# [Information provided]
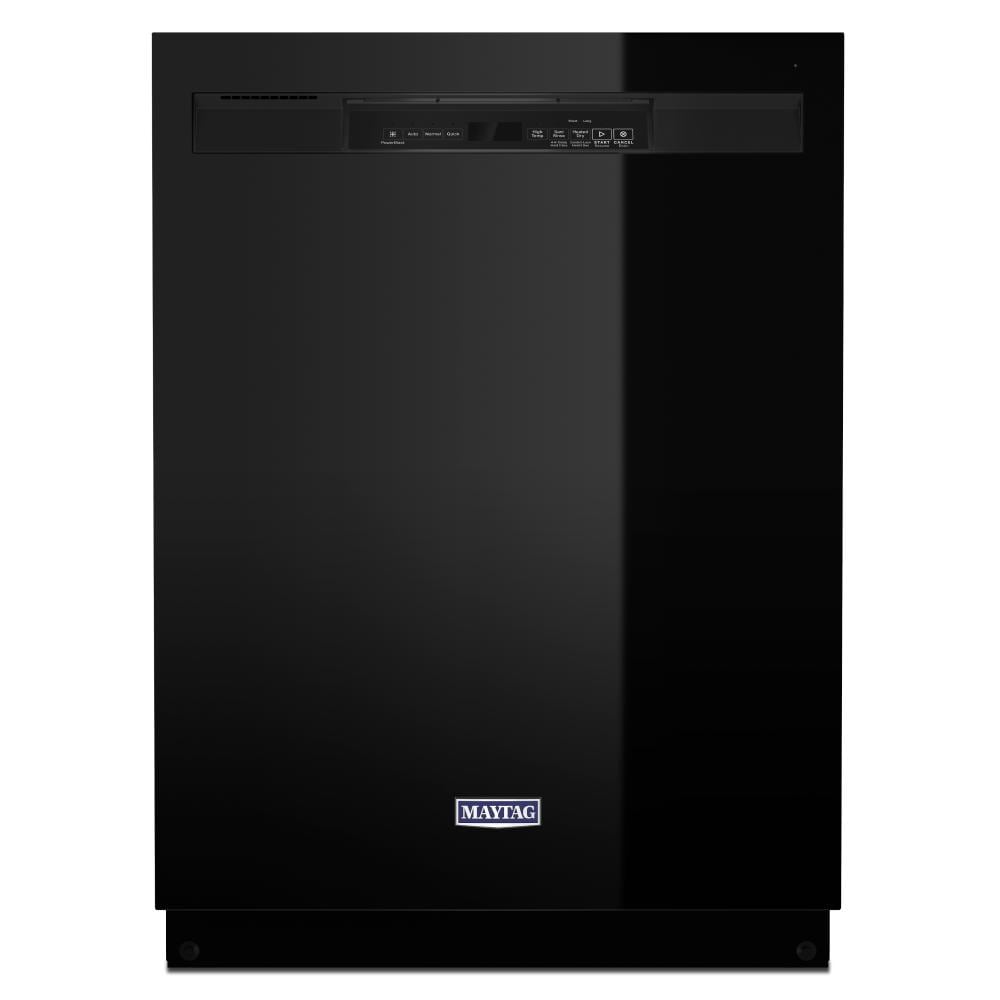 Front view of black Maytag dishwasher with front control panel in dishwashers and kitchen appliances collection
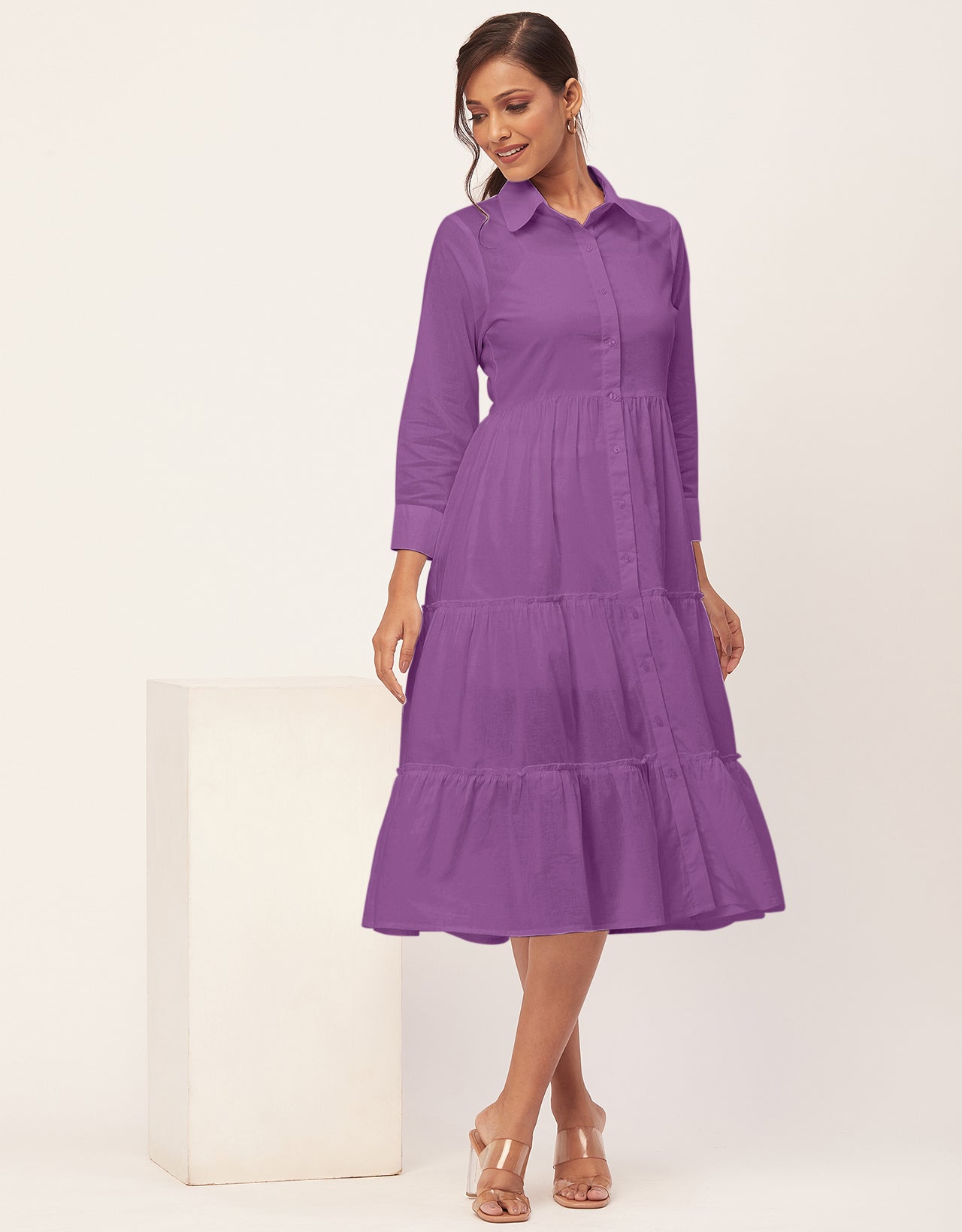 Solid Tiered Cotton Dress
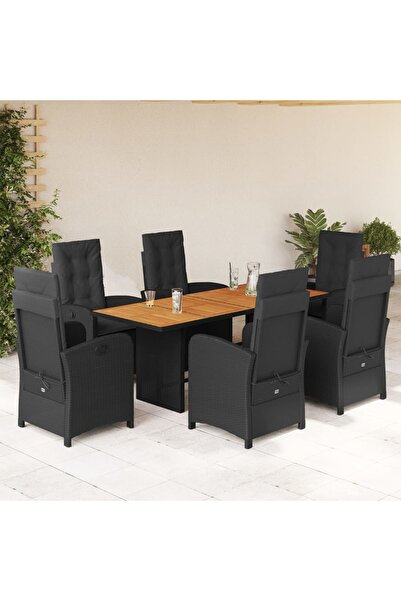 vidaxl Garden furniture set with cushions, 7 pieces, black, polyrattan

* * *

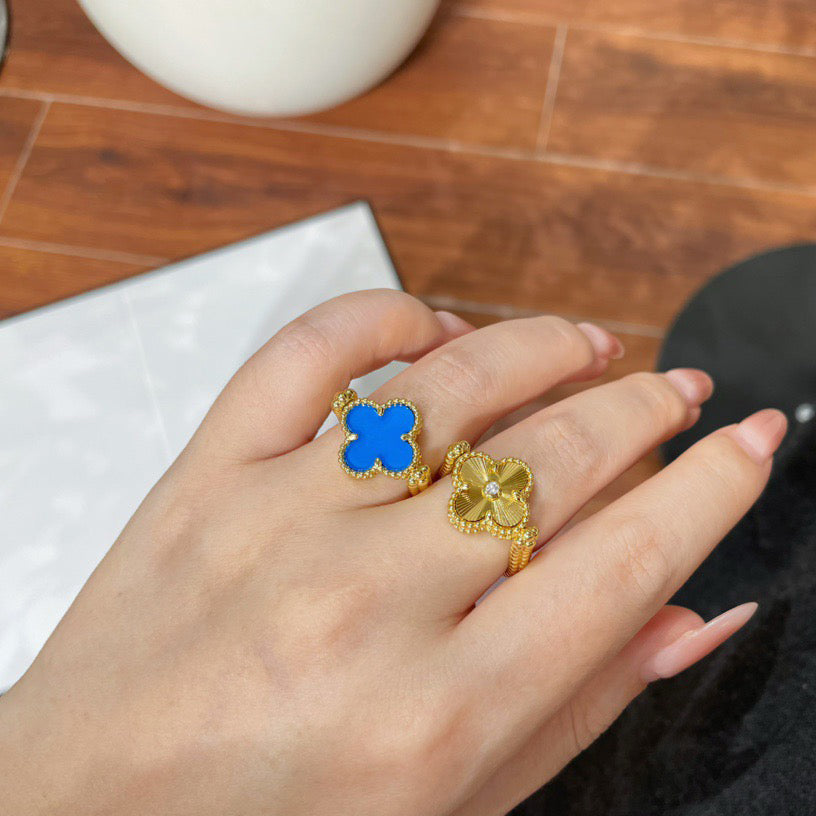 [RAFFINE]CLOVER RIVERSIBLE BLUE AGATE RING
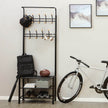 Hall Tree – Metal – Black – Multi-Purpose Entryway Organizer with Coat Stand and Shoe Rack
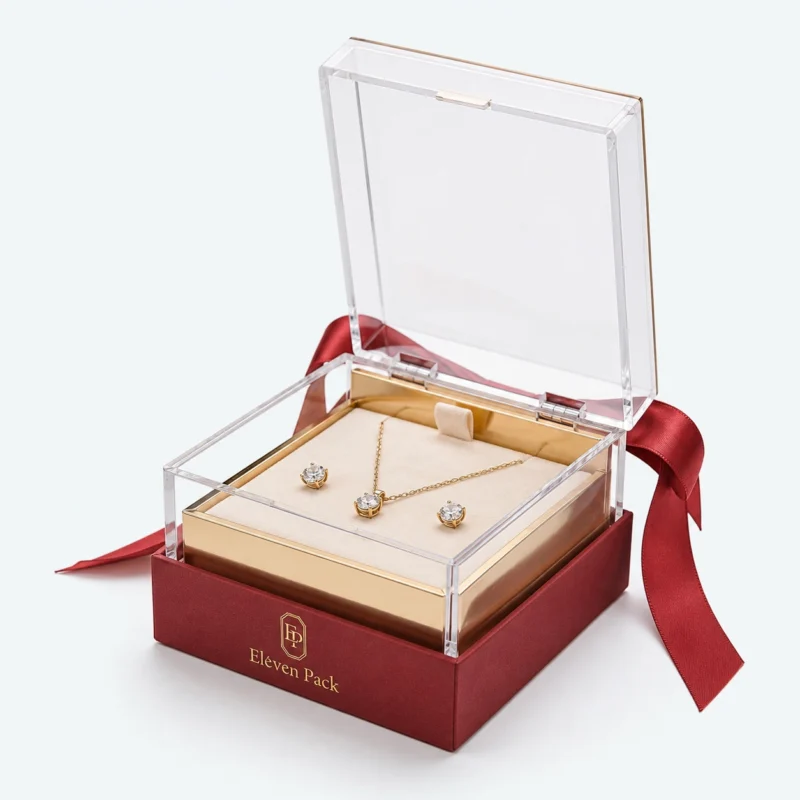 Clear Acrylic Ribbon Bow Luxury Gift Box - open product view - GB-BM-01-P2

# [Task to complete]
Copy the entries above exactly, but only the stretch from the line containing "Front view of" through the line containing "vidaxl Garden furniture". Keep both end lines; drop the pictures.

# [Task answer]
 Front view of black Maytag dishwasher with front control panel in dishwashers and kitchen appliances collection
 Solid Tiered Cotton Dress
 vidaxl Garden furniture set with cushions, 7 pieces, black, polyrattan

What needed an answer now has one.